Work instruction -
From the line containing "This is the" down to the line containing "It's disk zero, only" in the records below, reproduce every line exactly, ends included, and omit all others.

Given data -
+ + + + + + +

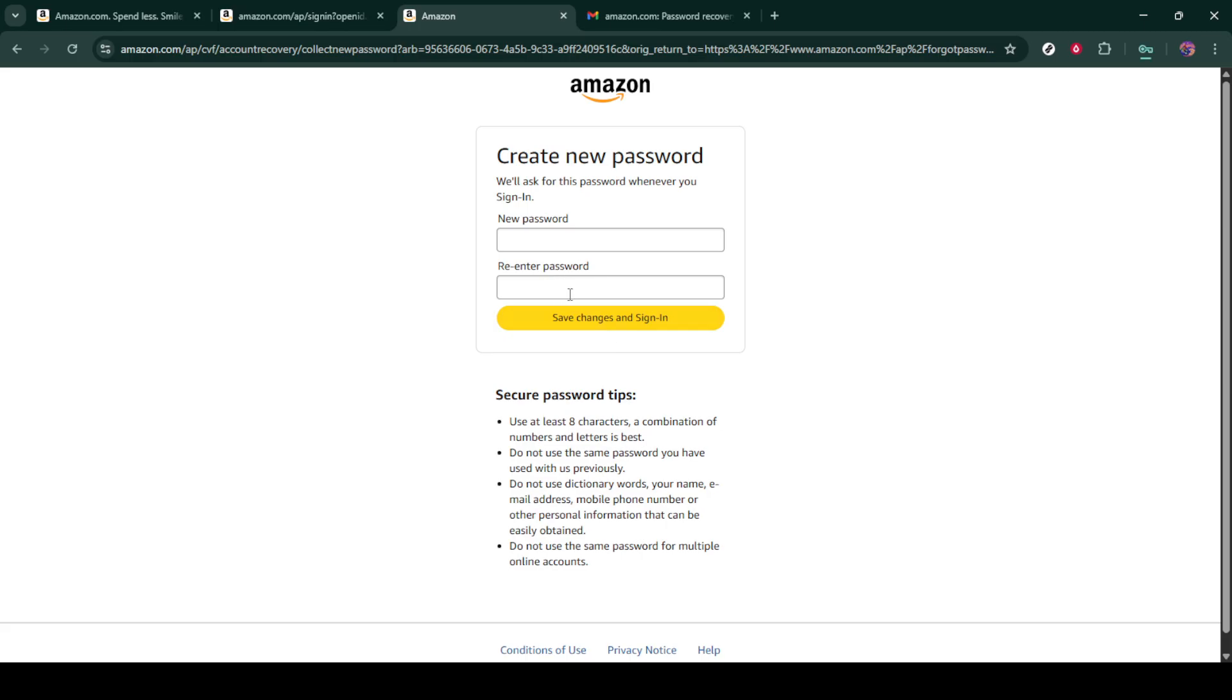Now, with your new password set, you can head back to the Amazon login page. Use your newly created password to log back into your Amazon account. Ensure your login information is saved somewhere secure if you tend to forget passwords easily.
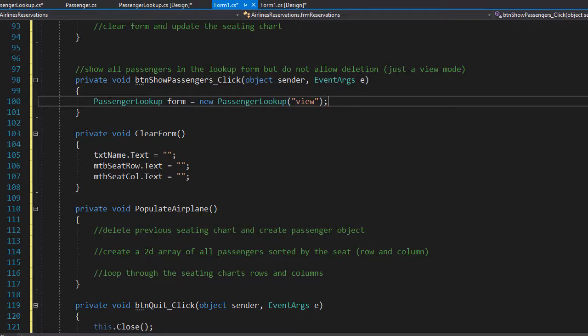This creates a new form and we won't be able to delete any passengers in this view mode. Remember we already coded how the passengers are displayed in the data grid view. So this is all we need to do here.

+ + + + + + +

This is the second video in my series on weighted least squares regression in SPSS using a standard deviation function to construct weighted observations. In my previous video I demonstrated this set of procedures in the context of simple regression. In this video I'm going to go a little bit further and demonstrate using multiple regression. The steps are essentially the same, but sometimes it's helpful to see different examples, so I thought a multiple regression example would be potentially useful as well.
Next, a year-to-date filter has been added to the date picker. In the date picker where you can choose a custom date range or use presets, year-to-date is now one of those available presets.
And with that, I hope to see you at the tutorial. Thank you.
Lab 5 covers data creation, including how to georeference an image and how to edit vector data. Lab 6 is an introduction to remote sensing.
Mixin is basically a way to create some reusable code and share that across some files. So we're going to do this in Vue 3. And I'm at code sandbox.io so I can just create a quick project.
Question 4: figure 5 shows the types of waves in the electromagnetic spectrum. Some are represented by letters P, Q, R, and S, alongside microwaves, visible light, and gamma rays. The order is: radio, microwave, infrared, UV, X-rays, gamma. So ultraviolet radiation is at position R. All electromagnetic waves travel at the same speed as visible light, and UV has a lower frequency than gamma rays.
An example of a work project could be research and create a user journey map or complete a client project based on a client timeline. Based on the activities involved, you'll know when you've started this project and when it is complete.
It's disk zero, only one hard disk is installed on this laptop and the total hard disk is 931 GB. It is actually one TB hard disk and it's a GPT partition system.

+ + + + + + +

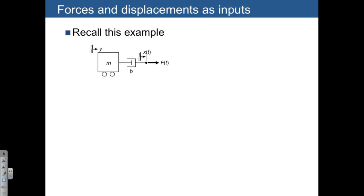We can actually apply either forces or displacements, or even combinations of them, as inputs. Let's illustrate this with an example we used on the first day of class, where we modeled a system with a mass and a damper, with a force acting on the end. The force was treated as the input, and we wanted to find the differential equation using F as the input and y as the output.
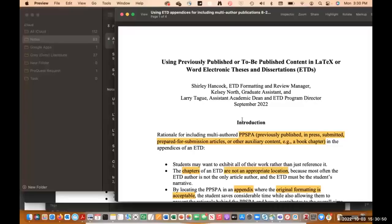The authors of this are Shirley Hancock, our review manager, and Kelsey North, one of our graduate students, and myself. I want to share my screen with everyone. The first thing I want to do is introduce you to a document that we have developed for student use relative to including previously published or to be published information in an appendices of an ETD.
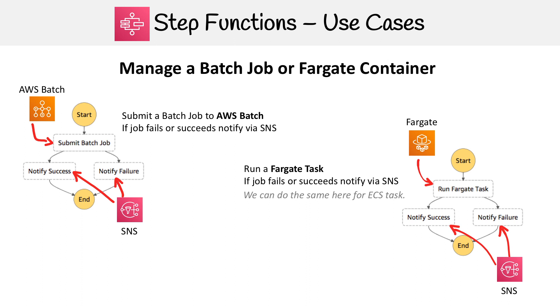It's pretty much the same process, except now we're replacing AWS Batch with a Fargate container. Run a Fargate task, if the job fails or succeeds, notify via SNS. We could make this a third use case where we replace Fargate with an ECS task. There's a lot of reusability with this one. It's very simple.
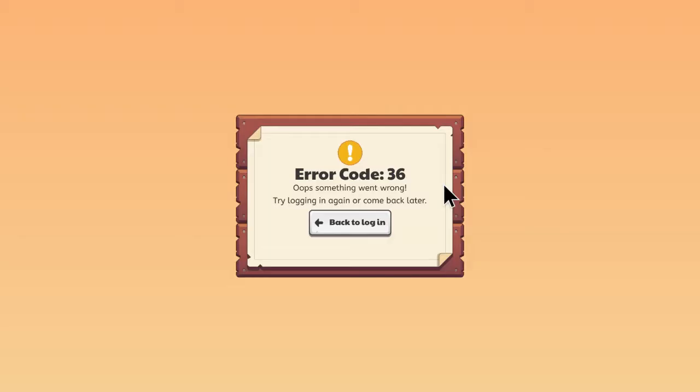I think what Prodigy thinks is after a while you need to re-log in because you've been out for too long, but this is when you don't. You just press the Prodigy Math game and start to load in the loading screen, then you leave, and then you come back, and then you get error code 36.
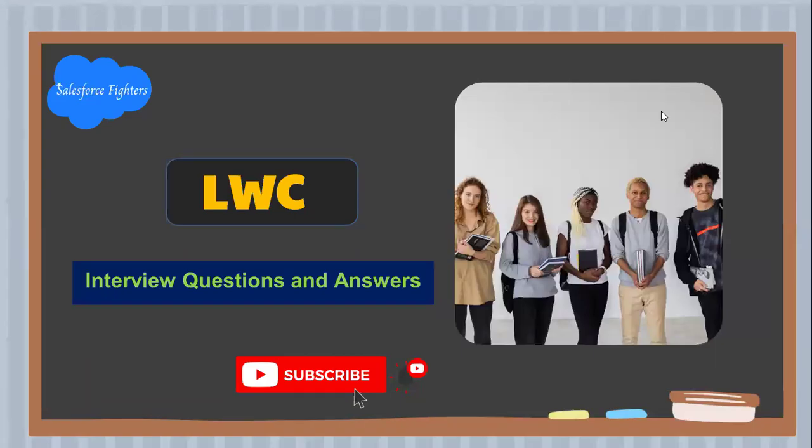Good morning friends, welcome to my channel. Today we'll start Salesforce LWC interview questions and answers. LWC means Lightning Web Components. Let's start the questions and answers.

+ + + + + + +

Your solution -
This is the second video in my series on weighted least squares regression in SPSS using a standard deviation function to construct weighted observations. In my previous video I demonstrated this set of procedures in the context of simple regression. In this video I'm going to go a little bit further and demonstrate using multiple regression. The steps are essentially the same, but sometimes it's helpful to see different examples, so I thought a multiple regression example would be potentially useful as well.
Next, a year-to-date filter has been added to the date picker. In the date picker where you can choose a custom date range or use presets, year-to-date is now one of those available presets.
And with that, I hope to see you at the tutorial. Thank you.
Lab 5 covers data creation, including how to georeference an image and how to edit vector data. Lab 6 is an introduction to remote sensing.
Mixin is basically a way to create some reusable code and share that across some files. So we're going to do this in Vue 3. And I'm at code sandbox.io so I can just create a quick project.
Question 4: figure 5 shows the types of waves in the electromagnetic spectrum. Some are represented by letters P, Q, R, and S, alongside microwaves, visible light, and gamma rays. The order is: radio, microwave, infrared, UV, X-rays, gamma. So ultraviolet radiation is at position R. All electromagnetic waves travel at the same speed as visible light, and UV has a lower frequency than gamma rays.
An example of a work project could be research and create a user journey map or complete a client project based on a client timeline. Based on the activities involved, you'll know when you've started this project and when it is complete.
It's disk zero, only one hard disk is installed on this laptop and the total hard disk is 931 GB. It is actually one TB hard disk and it's a GPT partition system.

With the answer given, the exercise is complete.